Art as a really alternative investment


James Surowiecki, author of The Wisdom of Crowds, writes in the New Yorker the rise of fine art investment funds.

Art investment funds represent something of a revolution in the relationship between art and commerce. Art collecting has traditionally been the domain of wealthy individuals in search of rewards beyond the purely financial. (The economist John Picard Stein once quixotically tried to quantify these intangible rewards, deciding that they were equivalent to a return on investment of 1.6 per cent a year.) The new funds, by contrast, allow people with smaller bankrolls to play the art market by pooling their resources, and the only benefits are economic, since investors don’t get to hang the paintings on their walls. In this scheme, art is just another “alternative asset class,? like gold or wheat.

This “asset class” has been legitimized to a degree by a couple of academic studies showing that art has significantly outperformed bonds and has kept pace with equities. Not surprisingly these studies find that the returns from art are not particularly correlated with the overall capital markets. You can read the Jianping Mei and Michael Moses paper “Art as an Investment and the Underperformance of Masterpieces” here.

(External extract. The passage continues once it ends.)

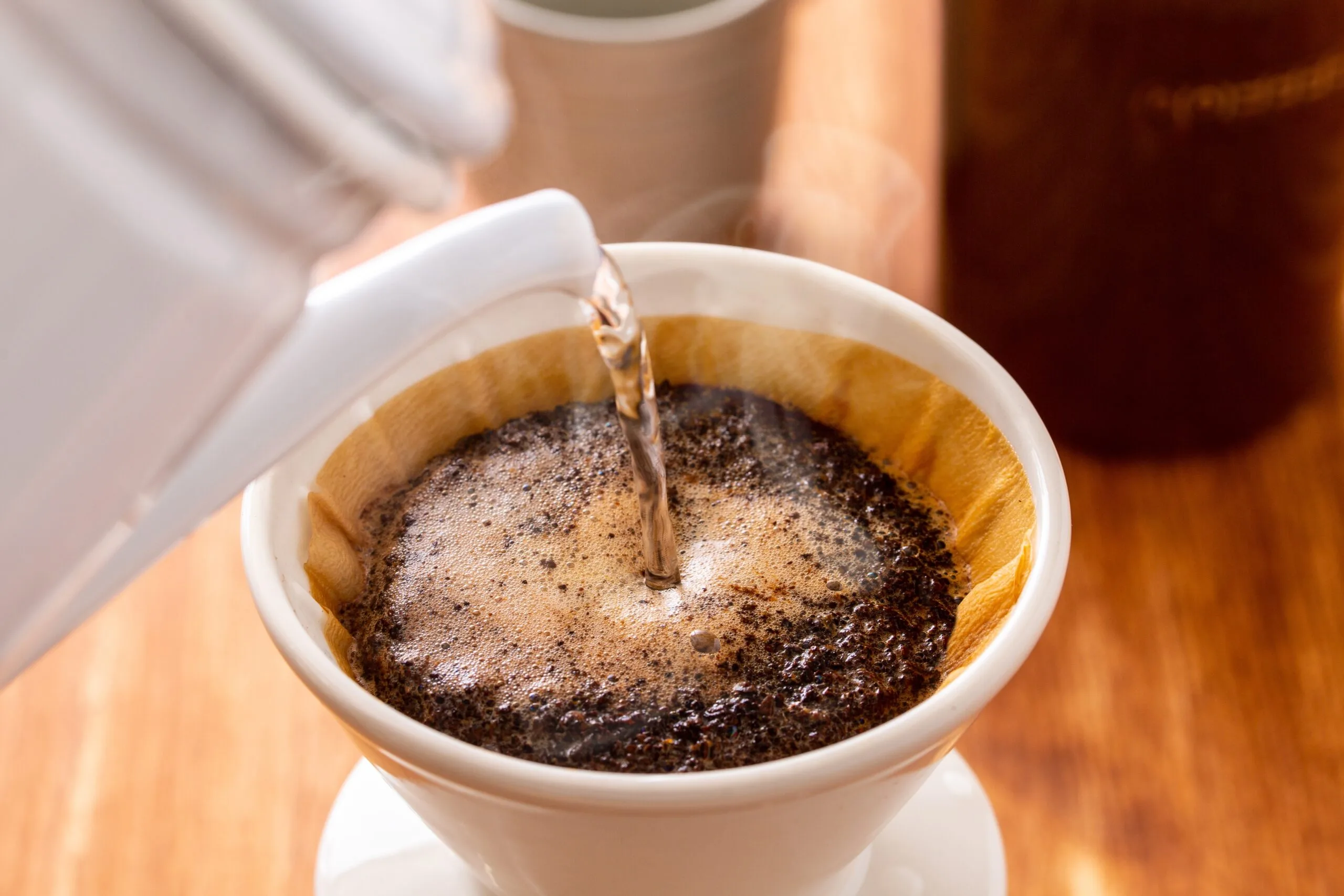 Kaffe, varm vand - welltica.dk - Vejen til et bedre liv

However just because an art fund is possible, does not necessarily make it a smart investment. Any art fund is going to have a number of expenses that will reduce the funds’ overall returns. In addition, the fund managers will undoubtedly not be working for free. To Surowiecki this rush of funds is a sign of a market top, “So the headlong rush to invest in art looks more like a fad than like a rational approach to making money. In some ways, it resembles the boom in Internet stock funds that swamped Wall Street in 1999, when investors were convinced that the only direction was up.”

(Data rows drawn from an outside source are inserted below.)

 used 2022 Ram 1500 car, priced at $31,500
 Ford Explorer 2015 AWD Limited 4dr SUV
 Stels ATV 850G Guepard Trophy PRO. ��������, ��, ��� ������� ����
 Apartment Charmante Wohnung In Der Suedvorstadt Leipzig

A more reasonable approach to the art markets requires a little thinking outside the box. What organizations always profit from a boom in the art markets? Answer – the auction houses: Christie’s and Sotheby’s. Sotheby’s Holdings (BID) is a public company. While it has had a rough go of it over the past few years BID may be a worth a look, before diving into any of the new wave of fine art investment funds.


5 Responses to “Art as a really alternative investment”

  1. Great article, yet I think that a third very important option was left out. Directly buying fine art such as paintings and sculpture and photographs, being the primary mode of investing in art, apparently seems like a third world to investors. It does not have to be as difficult as you believe and anyone that can adequately advise you on a good art fund could and should be able to advise you on actual works of art to invest in. Yes, it will take a bit more time and research, yet this method of investment will yield you several more positive results than merely investing in Sotheby’s stock or an art fund. Primarily you will have the object that you havew invested in in your posession, giving you the control of the future of that object and not a bank or auction house which could always make decisions on the object which you are not in agreement with, or which may de-value your investment. Second, you will have a piece of art to enjoy and display in your office or home. Many these days are buying art, and without ever even seeing it storing it in a vault and selling it 10 years down the line, basically using it as a bond. yet art doesnt have to be solely a financial investment, it can be a cultural investment also which will not only provide you with a new form of entertainment yet will expand your cultural horizons as well as our financial.